While transcribing the talk I gave at the last ElixirConf.eu conference, one of my colleagues pointed out that I glossed over the details of one of the examples. This prompted me to do some digging and I want to share what I found.

The problem

The example in question is a module responsible to fetch a file from a remote source and write it at the specified path.

The implementation is very simplistic and lacks both error handling and retry logic.

  defmodule Perils.Examples.Store do
     def write(file_name, url) do
       with {:ok, data} <- get(url) do
         File.write!(file_name, data)
       end
     end

     defp get(url) do
       :httpc.request(:get, {String.to_charlist(url), []}, [], [])
       |> case do
         {:ok, result} ->
           {{_, 200, _}, _headers, body} = result
           {:ok, body}

         error ->
           error
       end
     end
   end

Looking at the code, we can see that it relies on :httpc, the http client that ships with Erlang/OTP.

Both in my talk and in the initial transcription draft, I pointed out that running this code with a 12MB file would result in a memory usage peak at around 350/375MB, but didn't really look into why.

A chart visualizing a 350MB memory spike

Such delta between the file size and peak memory usage is suspicious and worth investigating.

The investigation

I started by setting up an exprof test, so that I could profile resource usage associated with the problematic function.

  defmodule A do
    import ExProf.Macro

    def run(url) do
      profile do
        Perils.Examples.Store.write("magazine.pdf", url)
      end
    end
  end

  url = "https://web-examples.pspdfkit.com/magazine/example.pdf" #12MB
  {records, _block_result} = A.run(url)
  total_percent = Enum.reduce(records, 0.0, &(&1.percent + &2))
  IO.inspect("total = #{total_percent}")

The result (with some lines omitted) shows that most of the time (51.74%) is spent converting the binary response body to a list inside the maybe_format_body/2 function:

  FUNCTION                                       CALLS        %    TIME  [uS / CALLS]
  --------                                       -----  -------    ----  [----------]
  <omitted>
  erlang:iolist_to_binary/1                          1    20.46   49705  [  49705.00]
  erlang:binary_to_list/1                            1    27.54   66887  [  66887.00]
  httpc:maybe_format_body/2                          1    51.74  125664  [ 125664.00]

While this is not an indication of higher memory usage per se, it's a good lead: binary to list conversion can be memory intensive.

I then looked at the source for maybe_format_body/2, making sure to match on the OTP version I tested against (23.1.1).

  maybe_format_body(BinBody, Options) ->
      case proplists:get_value(body_format, Options, string) of
           string ->
               binary_to_list(BinBody);
           _ ->
               BinBody
      end.

As expected, the function uses binary_to_list/1 to transform the response binary body into a list.

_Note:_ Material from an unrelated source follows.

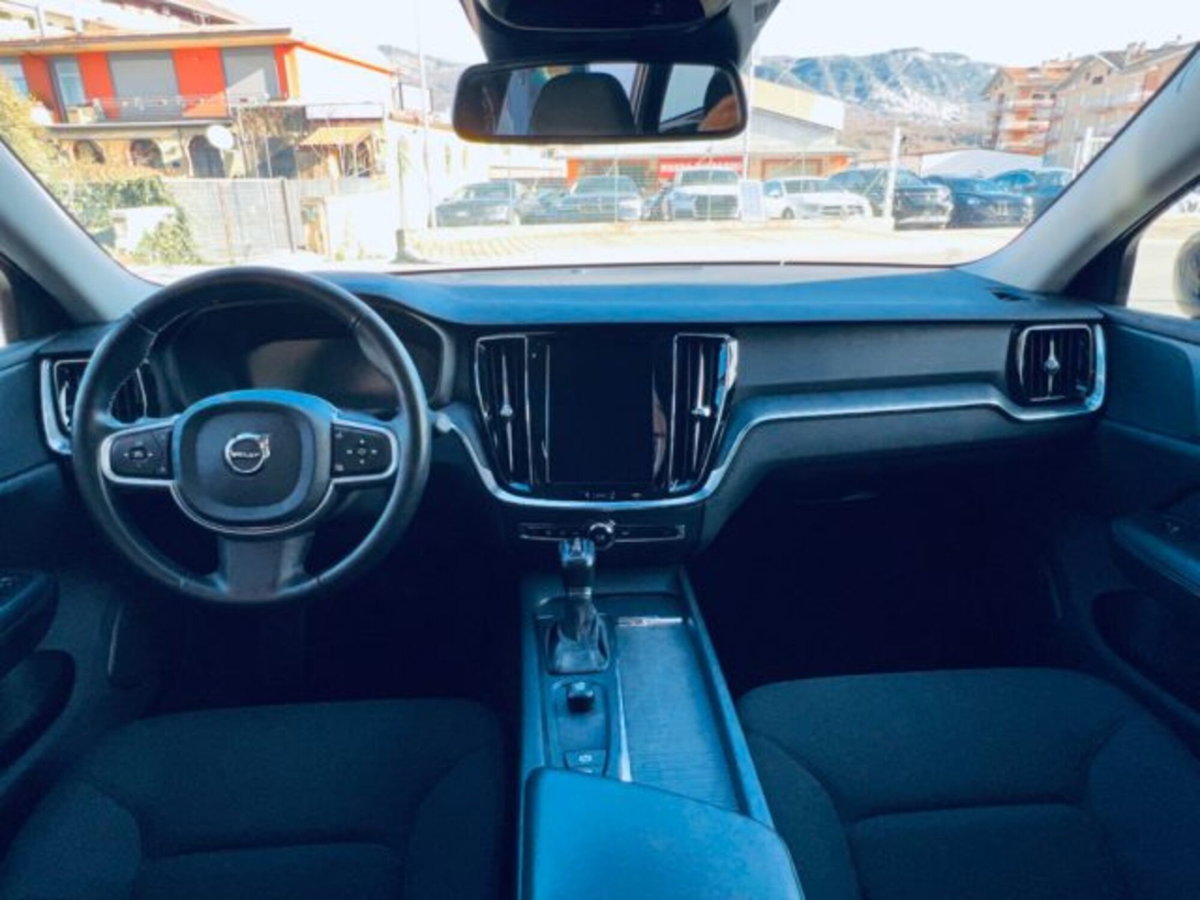 Volvo V60 D3 Geartronic R-design (15)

Luckily, this behaviour can be tweaked via the body_format option, which defaults to string (as in Erlang string, which maps to a character list in Elixir).

Searching for body_format in the Erlang docs for request/5 shows that indeed it's possible to tweak our problematic implementation to:

  :httpc.request(:get, {String.to_charlist(url), []}, [], body_format: :binary)

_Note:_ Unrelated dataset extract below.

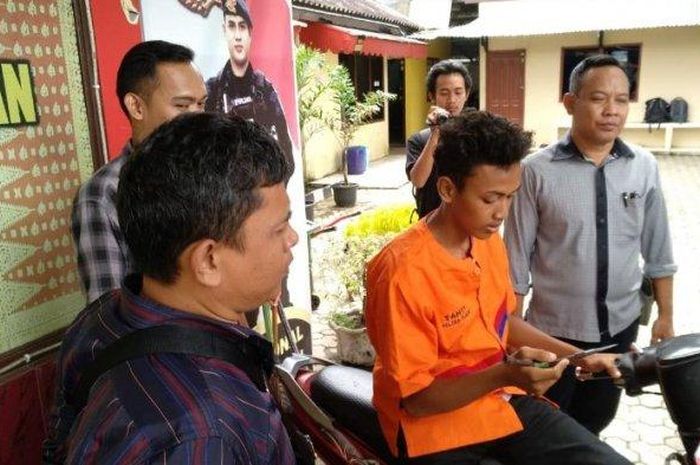Hendra Saputra (18 tahun) warga Jalan Pintu Besi Gang Manis Kelurahan Plaju, Kecamatan Plaju Palembang, kembali di tangkap polisi.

With this change, memory usage decreases dramatically, showing a delta only slightly larger than the file size.

A chart visualizing a 15MB memory spike

Conclusion

This whole investigation got me thinking, as the body_format option had been in the docs all along, yet I hadn't seen it. I can find three reasons:

  1. The overall logic in the example doesn't really care about the response body contents, as it just writes them to a file. Without seeing that response, there was no way for me to even notice its type.
  2. File.write/2 accepts binaries, strings and character lists - again I didn't have a reason to even wonder about the type used to represent that returned response body.
  3. Working primarily in Elixir, everything tends to be either a string or a binary. I just "forget" that character lists exist, which lead to the implicit assumption that this would be the default for :httpc.

In other words, I didn't know what to search in the docs. Profiling tools helped me understand the problem space and pointed me in the right direction.